それでは、バークシャー・ハザウェイがアップルに初めて投資した意味合いは何か? それは、ウォーレン・バフェット氏およびバークシャー・ハザウェイが、アップル株を「バリュー株」で、かつ、「わかるもの」と認識したということであろう。
まず、「バリュー株」であるかどうかについては、6月3日時点の終値97.92ドルであり、PER10.90、配当利回り2.33%、Yahoo! Financeの1年以内の目標株価123.98ドルとなっている。PER10.90と「割安」であり、すなわち、「バリュー株」と言える。配当利回りも高く、目標株価との乖離も大きい。
次に、「わかるもの」であるかどうかについては、バークシャーがそのように認識しているという他は無い。従来、「長期的にどのハイテク株が勝つか、よくわからない、予見できない」からハイテク株をバークシャーは避けてきた。アップルの場合は、それに当てはまらないと認識したと考えてもおかしくないだろう。

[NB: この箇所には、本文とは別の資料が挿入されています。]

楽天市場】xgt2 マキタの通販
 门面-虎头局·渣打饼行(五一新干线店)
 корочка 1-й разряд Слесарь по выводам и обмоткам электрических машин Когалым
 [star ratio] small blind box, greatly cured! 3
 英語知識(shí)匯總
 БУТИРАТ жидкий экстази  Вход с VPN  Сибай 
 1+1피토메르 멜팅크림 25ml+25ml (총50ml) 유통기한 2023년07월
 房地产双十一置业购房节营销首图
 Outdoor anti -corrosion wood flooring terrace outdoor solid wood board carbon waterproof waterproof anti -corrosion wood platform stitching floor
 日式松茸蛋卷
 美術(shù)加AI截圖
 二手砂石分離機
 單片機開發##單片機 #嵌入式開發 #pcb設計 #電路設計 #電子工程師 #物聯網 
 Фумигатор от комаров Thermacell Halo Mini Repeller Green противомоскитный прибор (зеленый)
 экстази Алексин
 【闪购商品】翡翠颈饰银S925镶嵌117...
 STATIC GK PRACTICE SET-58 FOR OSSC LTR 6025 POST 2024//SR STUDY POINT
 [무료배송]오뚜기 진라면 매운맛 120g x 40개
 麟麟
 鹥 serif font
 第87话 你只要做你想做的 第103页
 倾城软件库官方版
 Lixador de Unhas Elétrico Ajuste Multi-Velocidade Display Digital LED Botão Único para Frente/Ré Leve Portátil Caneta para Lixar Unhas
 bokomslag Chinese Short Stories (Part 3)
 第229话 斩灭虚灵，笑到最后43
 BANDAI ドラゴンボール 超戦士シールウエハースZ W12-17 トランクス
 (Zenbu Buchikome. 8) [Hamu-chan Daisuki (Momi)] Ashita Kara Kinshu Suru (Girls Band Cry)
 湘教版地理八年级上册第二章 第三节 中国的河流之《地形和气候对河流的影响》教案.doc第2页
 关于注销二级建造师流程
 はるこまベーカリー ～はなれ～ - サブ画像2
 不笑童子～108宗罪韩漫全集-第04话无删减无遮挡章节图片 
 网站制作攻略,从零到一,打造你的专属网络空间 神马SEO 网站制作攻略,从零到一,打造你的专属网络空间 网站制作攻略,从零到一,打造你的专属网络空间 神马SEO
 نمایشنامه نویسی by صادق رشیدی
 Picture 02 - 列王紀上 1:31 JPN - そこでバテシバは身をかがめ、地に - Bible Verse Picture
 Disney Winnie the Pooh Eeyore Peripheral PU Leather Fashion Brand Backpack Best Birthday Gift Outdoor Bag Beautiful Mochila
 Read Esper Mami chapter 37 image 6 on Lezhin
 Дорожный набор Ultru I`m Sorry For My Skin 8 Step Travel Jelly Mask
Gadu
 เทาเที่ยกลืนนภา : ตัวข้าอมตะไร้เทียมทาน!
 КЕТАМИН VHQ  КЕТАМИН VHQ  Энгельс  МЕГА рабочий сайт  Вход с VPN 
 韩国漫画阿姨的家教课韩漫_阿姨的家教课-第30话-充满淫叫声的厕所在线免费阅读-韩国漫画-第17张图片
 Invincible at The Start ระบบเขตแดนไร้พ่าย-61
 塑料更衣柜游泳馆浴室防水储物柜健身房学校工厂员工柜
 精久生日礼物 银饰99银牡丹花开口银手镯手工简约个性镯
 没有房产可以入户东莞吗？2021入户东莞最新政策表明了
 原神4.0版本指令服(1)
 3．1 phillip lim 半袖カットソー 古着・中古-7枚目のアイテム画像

ただ、バークシャーによるIBMへの投資については、昨年12月末時点、株価139ドルで、含み損が26億ドルあった。6月3日時点、152ドルまで株価は回復しているが、これまでのところ、IBMへの投資を成功と見る向きは少ない。 IBM投資の実績から、第三者から見て、バークシャーがハイテク株を本当にわかっているのだろうかという疑問はあるだろう。アップル株についても、「バリュー株」であることは同意できても、バークシャーがハイテク株を本当にわかっているのかという疑問はあるだろう。